Desde ahora los bochornos del climaterio se confundirán con los calores del verano. Además habrá que tener en cuenta que el ejercicio también provoca sudoración, así que nunca sabré si los chispazos de fuego son un verano reglamentario, o los del ajetreo del gimnasio, o aquellos que anuncian mi vejez. Creo que hay una mezcla de todo esto, finalmente.
El árbol ha desprendido sus frutos en el patio. Sin embargo, al primer vistazo los mangos parecen haber sido sembrados y se ofrecen como tiernos tubérculos verdes sobre el terreno, cubriendo la circunferencia de las frondas. Algunos son demasiado chicos, demasiado tiernos para precipitarse -como es natural-, pero esta dotación de frutos no es de extrañar si consideramos la brusca sacudida de los tallos y las ramas frente una ventisca que azotó sin tregua todo el día de ayer.
El árbol de mango está situado al fondo del patio y representa el único vestigio de una masacre de muros, pisos, techos, roedores, bichos y gatos. La hermana Carmen contrató a una compañía especializada que demolió la casita deshabitada de ladrillo, una de las tantas que el abuelito Rigoberto construyó -en sus años de juventud y trabajo- en un área de casi media manzana que fue de su propiedad.
El proceso de demolición abarcó el techo y el piso de lo que fue una cochera donde la tía guardaba una guayina que llevaba años sin uso.
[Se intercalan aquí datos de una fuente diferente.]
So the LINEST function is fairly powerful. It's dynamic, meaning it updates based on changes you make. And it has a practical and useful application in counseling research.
El lugar era un galerón habitado por los gatos que la tía amaba.
Diversas y bien pobladas colonias de insectos y roedores habrán morado -entre escombros y mugre- en el interior de esta casa abandonada durante años.
Un juego de tuberías y lavaderos ocupaban la esquina del fondo, en una juntura de muros cubierta por un techo de zinc y cartón, y apenas hace unos meses nos acogía para limpiar trapeadores, tender ropa; y constituía, además, una zona de recreación para los gatos de la tía.
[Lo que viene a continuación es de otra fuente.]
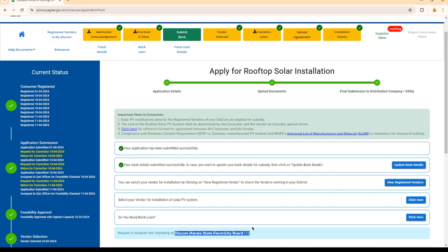In reality, KSEB has done the inspection and installed the solar meter on 24th April 2024. From that day onwards, my solar system has been producing electricity. But in the portal, my application is still pending for inspection. I have visited the KSEB office multiple times. Even though the portal shows the request is assigned and displaying at KSEB, the KSEB officer claims they are not able to see my application. If you are facing similar or any other issue with the MNRE portal, let me show you what we need to do.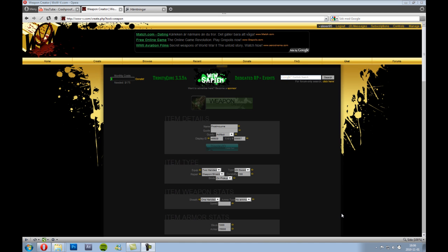Okay hello, this is Crash Proof Code, and in this tutorial I will show you how to make custom weapons and how to insert them in your World of Warcraft private server. So first, go to WoW Vendetta and register for an account.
Carmen decidió que transformaría este lugar en un estacionamiento para Marrox. Y lo hizo.
Cuando el trabajo estuvo concluido, lo único que quedó fue el área de tenderos y el árbol de mango sembrado junto al muro que divide el terreno. Y es este sobreviviente y su fecundidad lo que me ha sorprendido esta mañana después de haberme lanzado a una cosecha que llenó tres vasijas.
A la hora del desayuno, cuando Agripina vio la mesa repleta, recordó a su madre, quien gustosa, en otros años- le ofreció los mangos del mismo árbol a su nieta Anis, advirtiéndole: “Estos son los últimos” refiriéndose a la temporada. Eso fue en julio, dijo Agripina-: Ese mismo mes la Mami murió.